The first time I encountered 'death' was when I was around 10 years old. An old ammachi, one of my favourite grand aunts died of oldage and her funeral was the first one I have ever attended. My parents as a rule never took us for funerals, but this aunt died when we were in Kerala for summer vacations and hence there was no escaping the funeral. This was the first time I saw a dead body too. I knew vaguely that dead people stop breathing...in fact that was my concept of death. I remember watching my grand aunt as she lay in the coffin and feeling a little suffocated because she wasn’t breathing. I wondered how she was managing without breathing. In school we used to have “holding the breath” competitions and I know the discomfort of holding one's breath. But this aunt was lying rather comfortably even though she wasn’t breathing. I just couldn’t believe that she was not breathing. I watched her stomach closely, very sure that she must be taking a sneak breath like we did during the ‘holding the breath’ competitions. But she lay serene. After the burial as the family slowly wound its way back home I felt bad for my aunt because she would have to sleep in the cemetery now, all alone. I wondered if she would get scared in the night.
That night I badgered my mom with questions and my mom struggled to answer me as she wasn’t sure how she would explain death to me. All I got from her rather reluctantly was that the dead body would decompose and become one with the mud and soil. I was satisfied with the answer besides those were days when you thought that only old people died. Then I grew up a little and realised that young people and even kids died. That was when I got a scare. I didn’t want to die. I didn’t want to be put in a coffin and left in the cemetery. I didn't want to lie in a coffin all alone for eternity. I tried to reason that there would be other dead people in the cemetery to keep me company but somehow that wasn’t too reassuring.
I guess my Dad sensed my alarm due to my frequent questions about death and then one day sat me down and told me that when a person dies his soul leaves the body and goes to heaven. He told me that I live in my body and that I will come out of it when I die and go to heaven. And that I wouldn’t be buried when I die but the body that I cast off like the snake skins that I had seen in the parambu around the house in Kerala would be buried. This took an enormous load off my shoulders and a big nagging worry somewhere in the backend of mind was lifted.

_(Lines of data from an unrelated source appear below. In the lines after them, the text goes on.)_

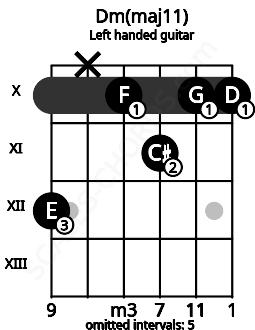 Fretboard image for the Dm(maj11) chord on left handled guitar frets: 10 10 11 10 x 12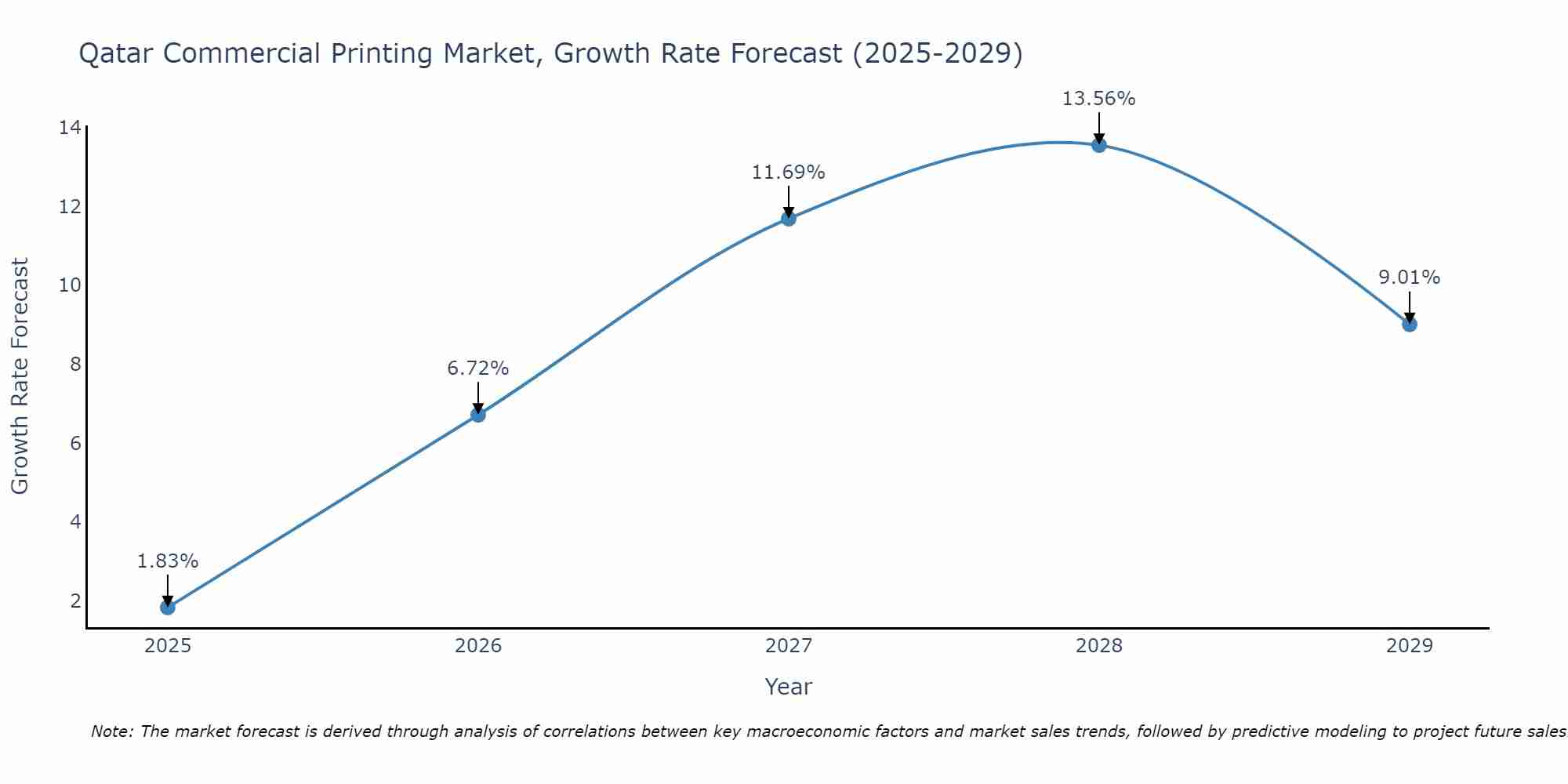 Qatar Commercial Printing Market Growth Rate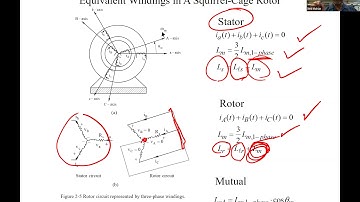 Vector Control of Drives Day 3 Part 2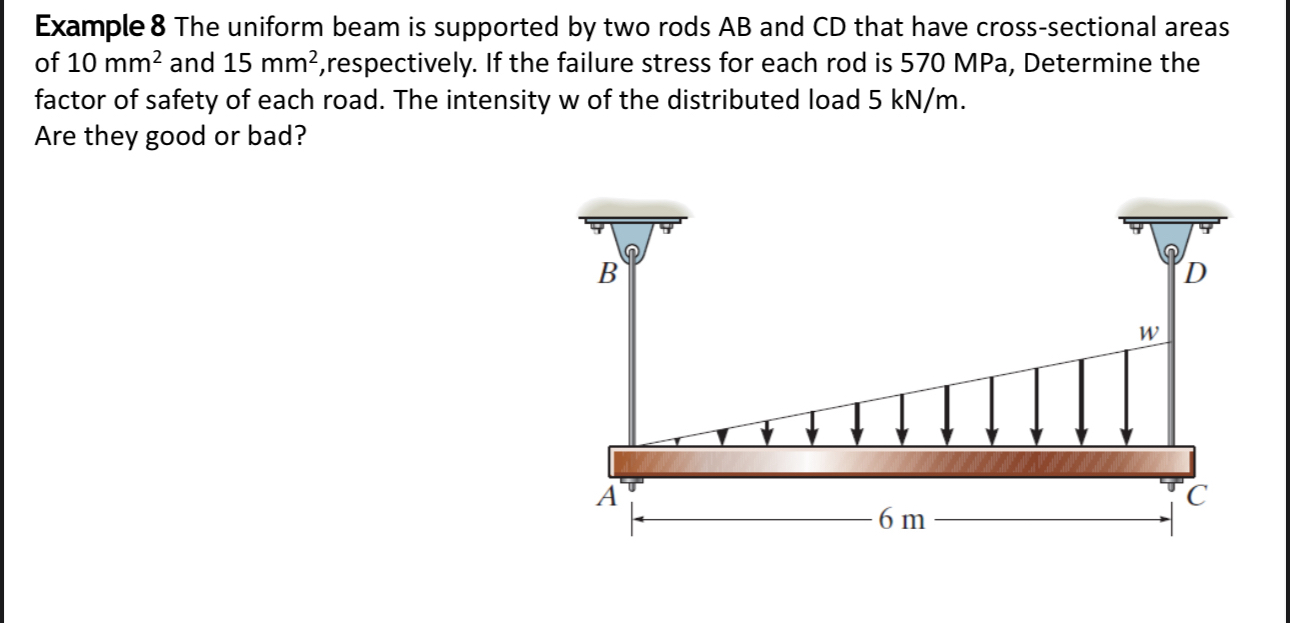 Example 8 The uniform beam is supported by two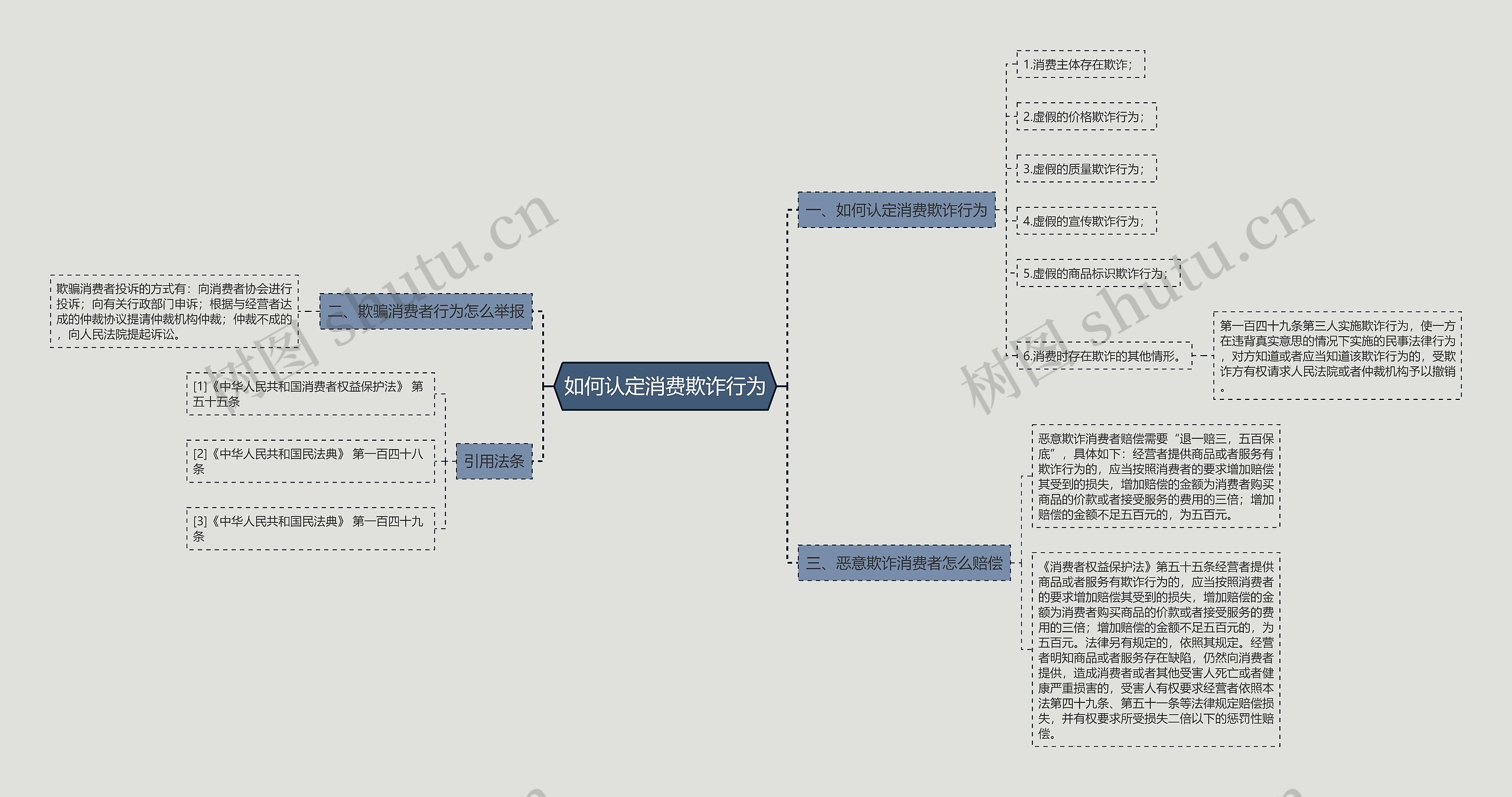如何认定消费欺诈行为思维导图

Topics like death should be explained clearly to kids or kids come to their own conclusions and worry unnecessarily. The reason for this rant is my cousin brother’s daughter who was heard questioning him the same way I questioned my Mom years ago. My cousin brother struggled to answer and gave some vague reply about going to heaven etc. With his permission I told his little daughter the same thing my Dad told me years ago. She looked visibly relieved. My cousin brother also looked visibly relieved. Obviously his parents hadn’t explained the topic to him too. In the discussions that followed later in the house we concluded that topics like death should not be brushed under the carpet or shielded from kids. It is because of this that death becomes a morbid word for most of us. I think death like birth should be treated as a natural stage for every human. I have made my peace with death and the inevitability of death and don’t worry about it or think about it. But there are many who dread the word. Sad, life is for the living and not worrying about its end.
This beautiful quote illustrates my view of death.
“Death must be so beautiful. To lie in the soft brown earth, with the grasses waving above one's head, and listen to silence. To have no yesterday, and no to-morrow. To forget time, to forgive life, to be at peace."